Work item: Output the records again verbatim.

==== Data for analysis ====

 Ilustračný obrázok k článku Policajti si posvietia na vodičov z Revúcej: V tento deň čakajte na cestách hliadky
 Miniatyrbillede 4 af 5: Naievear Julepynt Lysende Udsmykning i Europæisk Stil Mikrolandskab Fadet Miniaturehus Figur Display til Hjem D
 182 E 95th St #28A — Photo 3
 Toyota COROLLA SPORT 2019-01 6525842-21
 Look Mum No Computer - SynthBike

====

Response area:
 Ilustračný obrázok k článku Policajti si posvietia na vodičov z Revúcej: V tento deň čakajte na cestách hliadky
 Miniatyrbillede 4 af 5: Naievear Julepynt Lysende Udsmykning i Europæisk Stil Mikrolandskab Fadet Miniaturehus Figur Display til Hjem D
 182 E 95th St #28A — Photo 3
 Toyota COROLLA SPORT 2019-01 6525842-21
 Look Mum No Computer - SynthBike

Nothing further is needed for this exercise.